**Exercise**
Write out, word for word, every line in the data below from the one containing "エルサフィロ キタハマ(el zafiro" to the one containing "Pinnwand mit abstraktem Blattmotiv", both of them included.

**Listed entries**
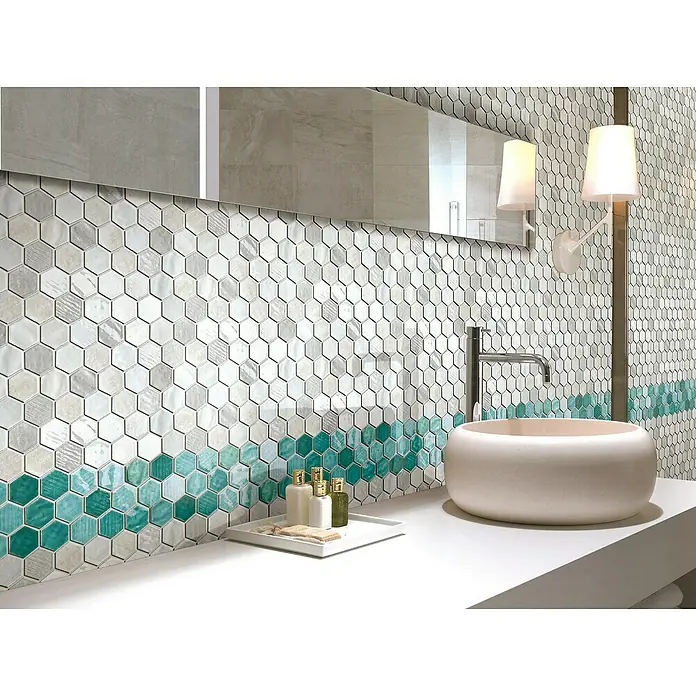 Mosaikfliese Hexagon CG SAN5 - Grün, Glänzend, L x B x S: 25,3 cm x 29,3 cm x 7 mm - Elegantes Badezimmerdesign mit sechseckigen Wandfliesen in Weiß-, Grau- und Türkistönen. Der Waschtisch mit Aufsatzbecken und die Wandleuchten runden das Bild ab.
...
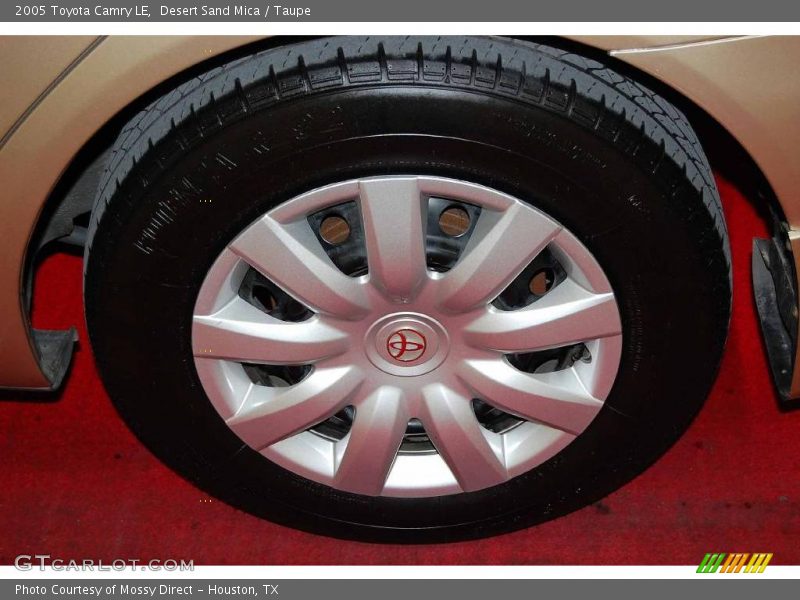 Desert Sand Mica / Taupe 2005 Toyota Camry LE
==
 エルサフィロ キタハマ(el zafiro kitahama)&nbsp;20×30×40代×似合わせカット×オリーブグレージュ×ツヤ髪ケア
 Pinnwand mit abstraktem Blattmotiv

**Solved problem**
 エルサフィロ キタハマ(el zafiro kitahama)&nbsp;20×30×40代×似合わせカット×オリーブグレージュ×ツヤ髪ケア
 Pinnwand mit abstraktem Blattmotiv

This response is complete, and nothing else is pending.